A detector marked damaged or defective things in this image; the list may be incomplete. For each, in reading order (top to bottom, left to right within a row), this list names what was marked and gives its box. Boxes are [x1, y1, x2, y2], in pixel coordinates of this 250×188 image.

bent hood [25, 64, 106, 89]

==

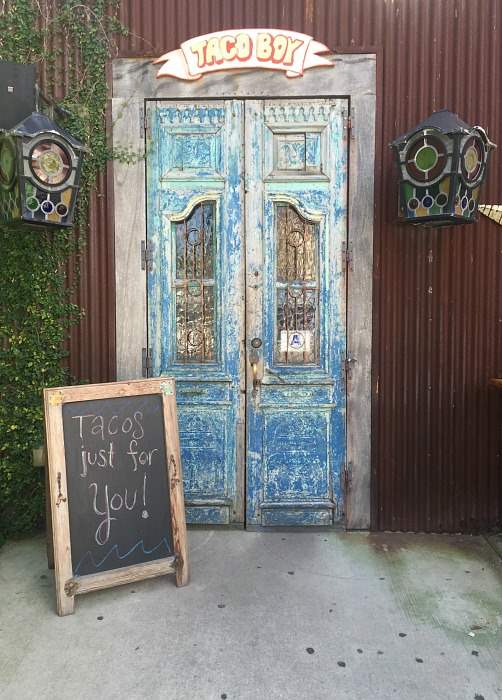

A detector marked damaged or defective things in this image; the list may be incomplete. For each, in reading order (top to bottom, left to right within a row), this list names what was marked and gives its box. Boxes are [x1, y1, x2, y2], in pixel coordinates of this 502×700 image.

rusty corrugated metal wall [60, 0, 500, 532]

* * *

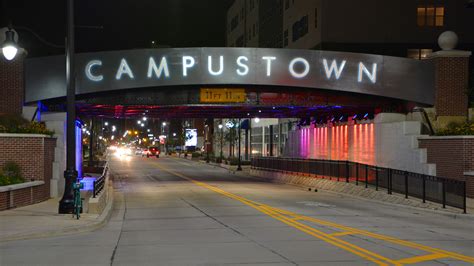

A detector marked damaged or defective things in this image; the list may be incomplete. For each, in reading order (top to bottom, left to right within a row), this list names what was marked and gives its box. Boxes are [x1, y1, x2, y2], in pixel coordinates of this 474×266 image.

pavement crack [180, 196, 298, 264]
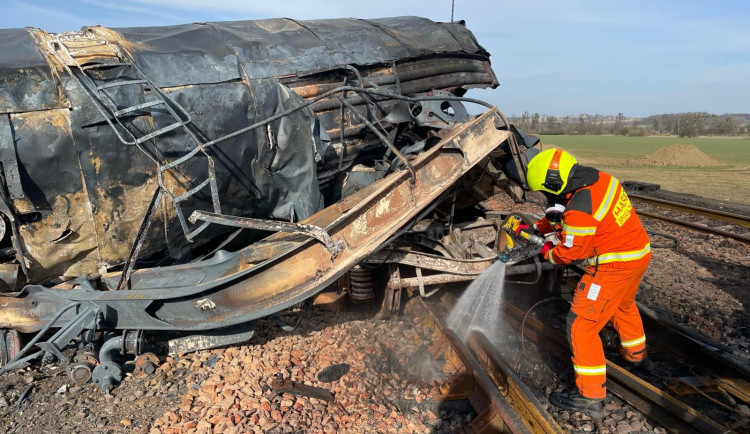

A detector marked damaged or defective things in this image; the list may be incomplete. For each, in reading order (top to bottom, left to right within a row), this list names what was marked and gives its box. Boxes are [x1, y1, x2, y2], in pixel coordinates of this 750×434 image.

> YOUR OBJECTIVE: Skip every picture, and restate word for word only the lines above from the line containing "this 474×266 image." to the line containing "this 750×434 image.", both of them included.

> SOLUTION FOR THIS EXERCISE:
A detector marked damaged or defective things in this image; the list may be incomplete. For each, in reading order (top to bottom, left to right within a row), this list names what was marked and gives its box. Boxes are [x1, y1, x2, y2], in pixel coordinates of this 474×266 image.

pavement crack [180, 196, 298, 264]

A detector marked damaged or defective things in this image; the list may be incomplete. For each, in reading order (top to bottom, left to right within a row), this list names what was marked and gives its box. Boxes are [x1, y1, x2, y2], in pixel coordinates of this 750×434 image.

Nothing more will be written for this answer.